Ein paar Flüge am Tag sollen bleiben

Die Notmaßnahmen für diesen Fall enthalten einen Vorschlag, um bestimmte Flugverbindungen zwischen Großbritannien und der EU für sechs Monate aufrechtzuerhalten – basierend auf Gegenseitigkeit mit Großbritannien. Auch für die Anerkennung von Sicherheitszertifikaten für Flugzeuge soll es eine Übergangsregel geben, damit diese nicht in der EU stillgelegt werden müssen.

Eine ähnliche Regelung auf Gegenseitigkeit soll es geben, um Frachttransporte und Passagierverkehr aufrechtzuerhalten, ebenfalls für sechs Monate.

Notmaßnahmen verzögert

Für das politisch sehr umstrittene Thema Fischerei schlägt die EU-Kommission einen Rechtsrahmen vor, der bis 31. Dezember 2021 gelten soll – oder bis zu einem Fischereiabkommen mit Großbritannien. Diese Vereinbarung soll den Zugang von britischen Fischkuttern in EU-Gewässer regeln und umgekehrt. Die Kommission werde eng mit dem Europaparlament und dem Ministerrat zusammenarbeiten, um die Regelungen noch vor dem 1. Jänner 2021 in Kraft zu setzen.

Mehrere EU-Staaten hatten die Kommission immer wieder gedrängt, diese Notfallmaßnahmen voranzutreiben. Die Kommission hatte dies hinausgezögert. Jetzt begründete sie den Vorstoß mit der großen Unsicherheit, ob bis 1. Jänner ein Handelsabkommen in Kraft ist, das diese Maßnahmen unnötig machen würde.

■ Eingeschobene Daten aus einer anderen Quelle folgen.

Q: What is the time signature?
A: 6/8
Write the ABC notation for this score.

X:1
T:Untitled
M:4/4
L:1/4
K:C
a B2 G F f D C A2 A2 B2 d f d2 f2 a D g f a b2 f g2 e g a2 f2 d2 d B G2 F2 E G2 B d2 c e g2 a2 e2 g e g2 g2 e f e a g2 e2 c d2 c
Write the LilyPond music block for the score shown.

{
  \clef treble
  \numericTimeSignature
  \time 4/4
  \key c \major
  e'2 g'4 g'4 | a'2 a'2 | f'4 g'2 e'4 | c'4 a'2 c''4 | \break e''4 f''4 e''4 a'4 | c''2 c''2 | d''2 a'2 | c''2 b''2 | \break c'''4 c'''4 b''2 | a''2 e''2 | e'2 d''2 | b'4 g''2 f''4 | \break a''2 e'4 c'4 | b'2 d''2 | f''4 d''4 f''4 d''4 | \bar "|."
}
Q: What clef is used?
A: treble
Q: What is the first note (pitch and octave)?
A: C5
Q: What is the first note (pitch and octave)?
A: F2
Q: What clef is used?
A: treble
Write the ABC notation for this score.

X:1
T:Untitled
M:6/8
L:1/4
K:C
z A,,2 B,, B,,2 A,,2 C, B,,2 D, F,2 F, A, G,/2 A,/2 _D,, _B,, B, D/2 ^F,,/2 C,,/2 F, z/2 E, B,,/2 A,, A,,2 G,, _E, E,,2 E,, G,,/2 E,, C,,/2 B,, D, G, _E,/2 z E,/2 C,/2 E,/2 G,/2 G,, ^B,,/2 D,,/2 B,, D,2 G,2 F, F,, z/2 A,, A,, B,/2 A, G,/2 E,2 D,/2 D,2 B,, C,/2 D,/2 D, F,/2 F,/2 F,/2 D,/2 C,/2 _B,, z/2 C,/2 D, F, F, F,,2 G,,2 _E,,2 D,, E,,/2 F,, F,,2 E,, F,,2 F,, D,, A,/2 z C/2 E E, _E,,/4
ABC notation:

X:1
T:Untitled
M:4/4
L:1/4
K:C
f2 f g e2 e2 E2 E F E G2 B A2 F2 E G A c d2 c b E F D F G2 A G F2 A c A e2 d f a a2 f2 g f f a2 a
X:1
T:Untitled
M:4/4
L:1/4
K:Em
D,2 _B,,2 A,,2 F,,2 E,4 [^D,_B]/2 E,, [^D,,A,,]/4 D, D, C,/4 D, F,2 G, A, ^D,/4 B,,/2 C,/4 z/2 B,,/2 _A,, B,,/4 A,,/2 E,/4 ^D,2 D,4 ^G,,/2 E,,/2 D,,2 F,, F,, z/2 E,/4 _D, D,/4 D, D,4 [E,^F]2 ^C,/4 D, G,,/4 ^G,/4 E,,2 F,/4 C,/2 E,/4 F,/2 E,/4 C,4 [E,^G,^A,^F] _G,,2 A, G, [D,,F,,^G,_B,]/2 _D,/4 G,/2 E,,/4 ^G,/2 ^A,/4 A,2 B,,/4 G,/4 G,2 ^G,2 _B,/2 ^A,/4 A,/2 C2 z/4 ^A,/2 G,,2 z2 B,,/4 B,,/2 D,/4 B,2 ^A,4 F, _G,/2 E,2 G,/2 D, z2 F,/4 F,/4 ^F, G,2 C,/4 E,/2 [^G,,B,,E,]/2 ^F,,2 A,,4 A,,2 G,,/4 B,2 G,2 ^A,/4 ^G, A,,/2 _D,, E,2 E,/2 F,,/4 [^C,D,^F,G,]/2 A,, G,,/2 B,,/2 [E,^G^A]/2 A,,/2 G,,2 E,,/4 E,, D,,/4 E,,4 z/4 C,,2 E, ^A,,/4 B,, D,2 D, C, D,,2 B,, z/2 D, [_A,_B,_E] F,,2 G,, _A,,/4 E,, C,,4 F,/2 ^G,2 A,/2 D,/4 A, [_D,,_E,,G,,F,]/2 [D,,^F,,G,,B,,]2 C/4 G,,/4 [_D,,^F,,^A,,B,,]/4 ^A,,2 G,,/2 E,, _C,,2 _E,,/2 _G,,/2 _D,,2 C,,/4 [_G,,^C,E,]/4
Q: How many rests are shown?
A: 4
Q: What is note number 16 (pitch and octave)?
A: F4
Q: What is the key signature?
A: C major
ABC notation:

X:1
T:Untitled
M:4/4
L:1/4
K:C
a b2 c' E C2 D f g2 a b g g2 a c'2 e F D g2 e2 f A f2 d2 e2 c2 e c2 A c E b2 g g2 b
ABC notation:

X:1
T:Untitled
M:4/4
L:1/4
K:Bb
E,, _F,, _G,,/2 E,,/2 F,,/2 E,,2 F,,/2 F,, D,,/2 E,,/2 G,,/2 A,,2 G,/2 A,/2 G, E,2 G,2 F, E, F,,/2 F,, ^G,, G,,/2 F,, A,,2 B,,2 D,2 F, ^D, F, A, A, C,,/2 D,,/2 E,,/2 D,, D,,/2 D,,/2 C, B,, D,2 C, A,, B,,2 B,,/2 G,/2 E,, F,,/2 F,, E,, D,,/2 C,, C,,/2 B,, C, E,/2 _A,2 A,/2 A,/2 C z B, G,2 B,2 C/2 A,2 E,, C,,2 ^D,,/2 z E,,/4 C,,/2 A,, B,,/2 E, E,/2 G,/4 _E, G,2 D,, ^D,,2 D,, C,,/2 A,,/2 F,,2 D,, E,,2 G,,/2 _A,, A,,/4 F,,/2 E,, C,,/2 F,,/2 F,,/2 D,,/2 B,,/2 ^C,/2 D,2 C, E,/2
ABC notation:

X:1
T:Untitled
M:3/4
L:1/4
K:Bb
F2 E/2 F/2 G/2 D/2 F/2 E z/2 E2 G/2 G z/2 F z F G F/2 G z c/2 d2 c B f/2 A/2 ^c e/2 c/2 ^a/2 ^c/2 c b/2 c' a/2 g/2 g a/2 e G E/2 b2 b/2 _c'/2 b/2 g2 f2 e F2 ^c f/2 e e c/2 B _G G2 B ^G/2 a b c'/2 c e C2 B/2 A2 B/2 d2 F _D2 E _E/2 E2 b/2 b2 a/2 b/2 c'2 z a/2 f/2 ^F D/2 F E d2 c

Wettanbieter sehen "No Deal" als wahrscheinlich

Von der Leyen hatte am Mittwochabend bei einem dreistündigen Gespräch mit Premier Boris Johnson keinen erkennbaren Fortschritt erzielt. Das Gespräch sei lang und gut gewesen, sagte von der Leyen am Donnerstag vor Beginn des EU-Gipfels in Brüssel. Aber: "Es ist schwierig." Am 31. Dezember endet die Brexit-Übergangsfrist, und Großbritannien scheidet aus dem Binnenmarkt und der Zollunion aus. Mehrere britische Wettanbieter sehen mittlerweile eine mehr als 50-prozentige Chance für einen "No Deal".

Charles Michel, der Präsident des Europäischen Rates, sagte bei seinem Eintreffen zum Gipfel in Brüssel am Donnerstag, der Brexit sei nicht das wichtigste Thema auf der Agenda: "Die Verhandlungen dauern noch an." Man erwarte neue Informationen vonseiten der EU-Kommission und werde den Brexit nicht allzu lange diskutieren, so Michel.

Kurz rechnet mit Einigung

Trotz der bestehenden Differenzen rechnet Bundeskanzler Sebastian Kurz (ÖVP) noch mit einem Handelsabkommen zwischen der EU und Großbritannien. "Es gibt noch einige offene Fragen, aber ich glaube, dass Ursula von der Leyen und Boris Johnson in der Lage sein werden, diese letzten offenen Punkte zu lösen", sagte Kurz in einem Interview mit dem amerikanischen Sender CNN. "Ich glaube nicht, dass das Vereinigte Königreich und Boris Johnson wirklich ein No-Deal-Szenario wollen."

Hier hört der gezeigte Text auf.